Au lendemain de l'instauration de la loi martiale, censée régler la crise politique en Thaïlande, l'armée a annoncé une rencontre inédite entre les deux camps rivaux. Elle a également empêché le gouvernement intérimaire de se réunir.
Au lendemain de l'instauration de la loi martiale en Thaïlande, l'armée a annoncé mercredi 21 mai la tenue d'une réunion inédite entre les deux camps politique rivaux, dans l'espoir de trouver une issue à la crise. D'autant que les militaires, qui n'ont de cesse d'assurer qu'il ne s'agit pas d'un coup d'État, sont sous pression de la communauté internationale pour une levée rapide de cette loi martiale. La situation actuelle fait craindre pour la démocratie, dans un pays qui a déjà connu 18 putsch en un peu moins d'un siècle.

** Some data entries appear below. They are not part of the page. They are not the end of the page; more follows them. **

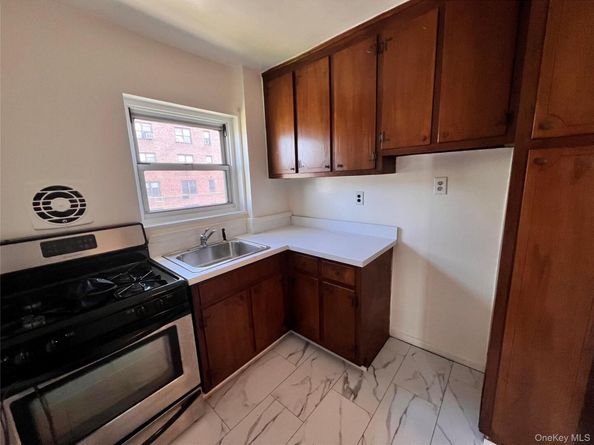 189 Drake Avenue 2C, New Rochelle NY 10805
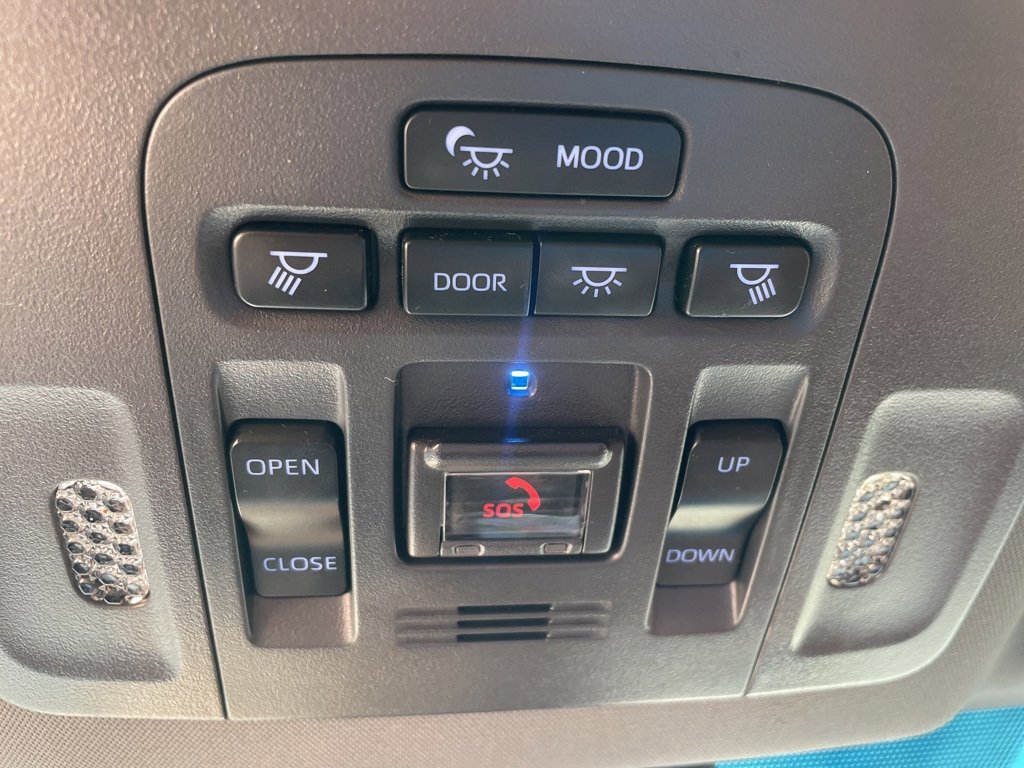 Used 2022 Toyota Avalon Limited image 21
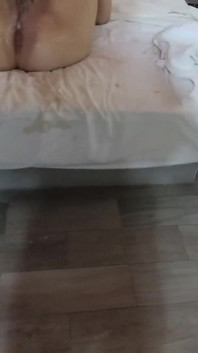 Mój właściciel pieprzy moją dupę, podczas gdy anal fisting mnie w tym samym czasie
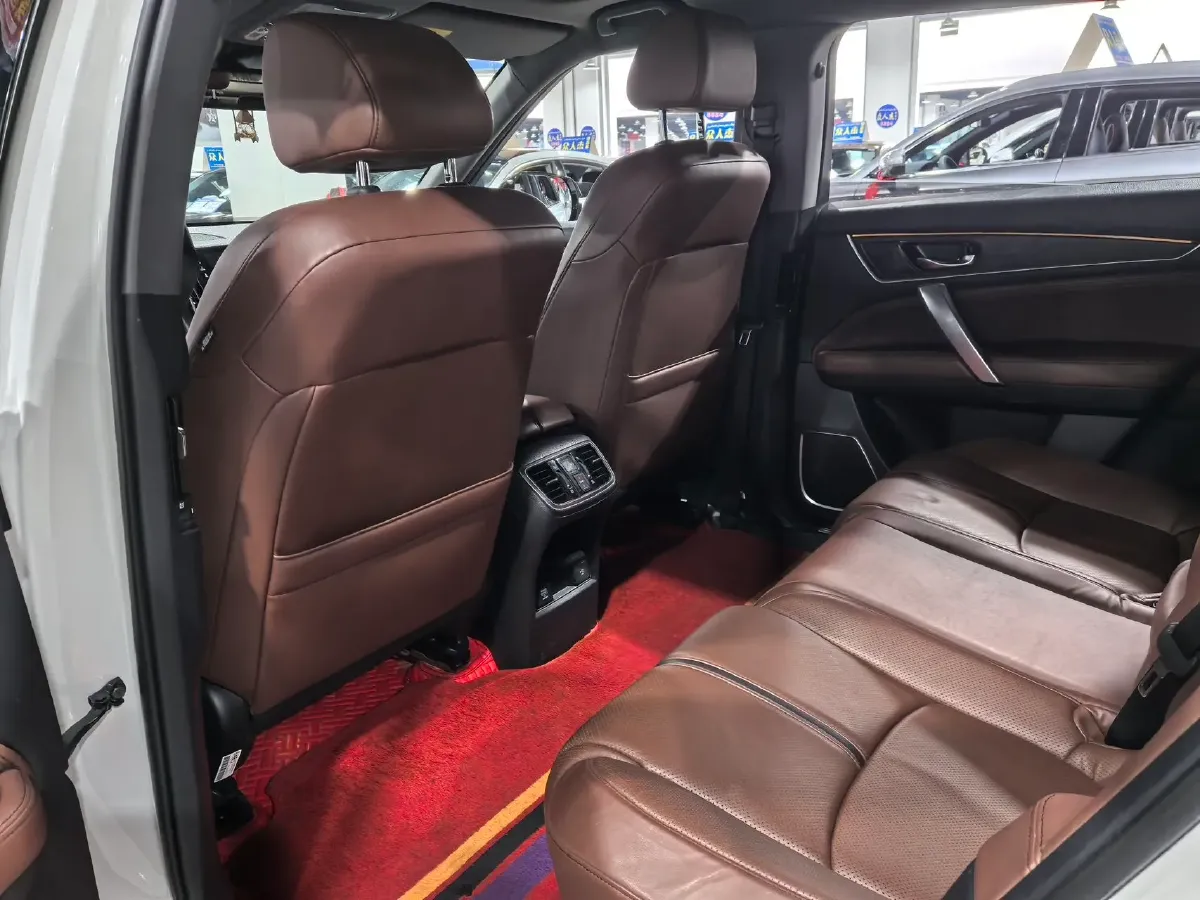 2020 Honda UR-V 2.0T 272HP L4 9AT,autocango,china used car exporter,china ev exporter,chinese used car exporter,chinese used ev exporter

Les militaires ont laissé au pouvoir le gouvernement intérimaire, très fragile, en place depuis la destitution début mai de la Première ministre Yingluck Shinawatra. Pour autant, le gouvernement ne semblait pas mercredi totalement libre de ses mouvements. Selon l'un de ses responsables cité par l'AFP, les membres de l'exécutif ont été empêché mercredi d'utiliser leur QG de crise, où ils se réunissaient depuis plusieurs mois, depuis que leur siège habituel est bloqué par les manifestants.
Investie de nouveaux pouvoirs, l'armée a en outre imposé une censure des médias et annoncé mercredi de nouvelles restrictions. Il y a désormais 14 chaînes de télévision privées d'antenne et il est interdit à tous les médias de citer tout commentaire politique ne venant pas de responsables officiels.
La loi martiale pourrait durer, Human Rights Watch évoque un coup d'État
L'armée n'a pas indiqué combien de temps serait appliquée la loi martiale, mais a laissé entendre qu'elle pourrait durer.
La situation "doit être résolue rapidement, avant que je ne prenne ma retraite (fin septembre, NDLR), sinon je ne prendrai pas ma retraite", a ainsi prévenu l'influent chef de l'armée de terre Prayut Chan-O-Cha lors d'une réunion mardi avec des représentants du gouvernement, selon des propos rapportés par un responsable militaire.
Inquiète, la communauté internationale a de son côté appelé les autorités militaires à respecter les principes démocratiques. "Nous voulons voir un retour rapide d'une démocratie complète en Thaïlande et le respect des institutions démocratiques", a ainsi déclaré Danny Russel, secrétaire d'État américain adjoint chargé de l'Asie de l'est. Les États-Unis, alliés militaires de Bangkok, ont toutefois jugé qu'il ne s'agissait pas d'un coup d'État.
Le secrétaire général de l'ONU Ban Ki-moon a appelé toutes les parties "à exercer la plus grande retenue, à s'abstenir de toute violence et au respect total des droits de l'Homme".
Les défenseurs des droits de l'Homme, eux, sont allés plus loin. La loi martiale "est en réalité un coup d'État qui menace les droits de l'Homme de tous les Thaïlandais", a dénoncé Human Rights Watch, critiquant en particulier les violations de la liberté de la presse.
Les manifestants des deux camps mobilisés
Depuis la dissolution du Parlement en décembre, le gouvernement ne peut qu'expédier les affaires courantes. Depuis près de sept mois, les manifestations entre ses opposants et ses partisans ont fait 28 morts et des centaines de blessés.
Les opposants, les chemises jaunes, réclamaient la tête de Yingluck Shinawatra et la fin de l'influence de son frère Thaksin, ancien Premier ministre renversé par un coup d'État en 2006 désormais en exil.
Malgré la récente destitution de Yingluck Shinawatra par la Cour constitutionnelle, les manifestants ne sont pas rentrés chez eux, réclamant toujours un Premier ministre "neutre", qui selon eux, devrait être nommé par le Sénat.
Les chemises rouges, pro-Thaksin, étaient également toujours réunies mercredi dans une banlieue de Bangkok.
La présence dans la capitale de ces forces rivales fait craindre de nouvelles violences dans un pays qui vit depuis le putsch de 2006 au rythme des manifestations des masses défavorisées du nord et du nord-est, fidèles à Thaksin, et de ses ennemis, proches des élites de Bangkok. Le dernier épisode avait fait plus de 90 morts et 1 900 blessés en 2010. Les chemises rouges avaient alors occupé le centre de la capitale pendant deux mois, avant un assaut de l'armée.